→ Task instructions: In the records below, begin at the line that has "Tapis brun uni" and stop after the line that has "Tricou roșu GERRY WEBER femeie"; quote those lines verbatim and nothing more.

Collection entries
● ● ● ●

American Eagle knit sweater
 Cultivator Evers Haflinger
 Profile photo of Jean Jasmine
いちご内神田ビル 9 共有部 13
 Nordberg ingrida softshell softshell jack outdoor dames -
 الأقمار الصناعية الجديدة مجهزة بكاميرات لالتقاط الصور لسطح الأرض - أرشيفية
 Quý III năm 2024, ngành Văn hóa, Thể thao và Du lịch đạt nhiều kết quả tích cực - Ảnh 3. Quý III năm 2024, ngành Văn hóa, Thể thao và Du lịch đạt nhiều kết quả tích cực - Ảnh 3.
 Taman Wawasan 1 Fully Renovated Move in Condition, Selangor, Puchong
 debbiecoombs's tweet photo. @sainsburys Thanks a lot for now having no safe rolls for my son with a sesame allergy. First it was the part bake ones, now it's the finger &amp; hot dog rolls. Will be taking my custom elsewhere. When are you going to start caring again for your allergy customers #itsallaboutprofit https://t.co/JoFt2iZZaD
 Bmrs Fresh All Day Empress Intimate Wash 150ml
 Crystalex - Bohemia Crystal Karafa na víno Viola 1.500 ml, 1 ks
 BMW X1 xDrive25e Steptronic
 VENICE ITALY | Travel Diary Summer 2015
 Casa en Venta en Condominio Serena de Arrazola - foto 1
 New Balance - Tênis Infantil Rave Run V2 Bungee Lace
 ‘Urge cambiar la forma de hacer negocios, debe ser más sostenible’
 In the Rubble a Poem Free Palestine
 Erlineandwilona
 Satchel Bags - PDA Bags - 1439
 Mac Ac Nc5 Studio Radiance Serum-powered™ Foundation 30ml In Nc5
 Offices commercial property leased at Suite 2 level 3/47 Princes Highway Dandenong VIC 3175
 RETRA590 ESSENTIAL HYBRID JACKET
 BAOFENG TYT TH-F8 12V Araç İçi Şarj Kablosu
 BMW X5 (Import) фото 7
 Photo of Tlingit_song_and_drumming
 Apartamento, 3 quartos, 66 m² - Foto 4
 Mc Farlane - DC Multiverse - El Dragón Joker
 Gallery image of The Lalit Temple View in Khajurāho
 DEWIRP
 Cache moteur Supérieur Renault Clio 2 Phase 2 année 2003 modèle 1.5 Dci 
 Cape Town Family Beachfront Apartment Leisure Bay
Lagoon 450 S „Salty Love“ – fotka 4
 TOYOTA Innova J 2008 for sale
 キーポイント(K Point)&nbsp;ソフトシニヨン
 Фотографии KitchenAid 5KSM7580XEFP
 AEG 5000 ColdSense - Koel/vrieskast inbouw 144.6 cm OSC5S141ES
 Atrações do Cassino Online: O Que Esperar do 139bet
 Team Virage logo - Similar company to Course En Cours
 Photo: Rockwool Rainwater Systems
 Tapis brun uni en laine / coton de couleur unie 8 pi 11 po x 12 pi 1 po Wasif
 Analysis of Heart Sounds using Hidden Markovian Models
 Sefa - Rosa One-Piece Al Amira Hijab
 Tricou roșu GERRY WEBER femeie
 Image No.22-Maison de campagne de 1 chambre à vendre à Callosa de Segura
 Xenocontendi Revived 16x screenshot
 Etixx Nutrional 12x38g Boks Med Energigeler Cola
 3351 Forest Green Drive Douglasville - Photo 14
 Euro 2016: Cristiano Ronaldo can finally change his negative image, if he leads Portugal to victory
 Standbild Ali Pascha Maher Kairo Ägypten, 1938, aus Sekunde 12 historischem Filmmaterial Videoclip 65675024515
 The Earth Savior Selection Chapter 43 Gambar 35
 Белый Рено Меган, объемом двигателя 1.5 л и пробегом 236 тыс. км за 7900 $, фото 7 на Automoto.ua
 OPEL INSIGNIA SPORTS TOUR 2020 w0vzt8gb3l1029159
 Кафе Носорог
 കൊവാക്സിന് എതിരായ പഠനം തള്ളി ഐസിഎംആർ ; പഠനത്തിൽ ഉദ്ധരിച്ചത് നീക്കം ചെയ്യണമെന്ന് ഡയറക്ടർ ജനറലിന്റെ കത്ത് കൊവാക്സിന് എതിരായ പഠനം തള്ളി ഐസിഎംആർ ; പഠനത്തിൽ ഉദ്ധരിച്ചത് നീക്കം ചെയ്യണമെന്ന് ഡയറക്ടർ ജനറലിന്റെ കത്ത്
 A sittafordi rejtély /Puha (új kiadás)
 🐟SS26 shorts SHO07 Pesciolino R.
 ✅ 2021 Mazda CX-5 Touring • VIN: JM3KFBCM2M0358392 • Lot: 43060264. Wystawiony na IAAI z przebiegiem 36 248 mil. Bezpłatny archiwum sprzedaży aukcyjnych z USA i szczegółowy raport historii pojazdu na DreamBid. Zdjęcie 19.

● ● ● ●

→ Response:
 Tapis brun uni en laine / coton de couleur unie 8 pi 11 po x 12 pi 1 po Wasif
 Analysis of Heart Sounds using Hidden Markovian Models
 Sefa - Rosa One-Piece Al Amira Hijab
 Tricou roșu GERRY WEBER femeie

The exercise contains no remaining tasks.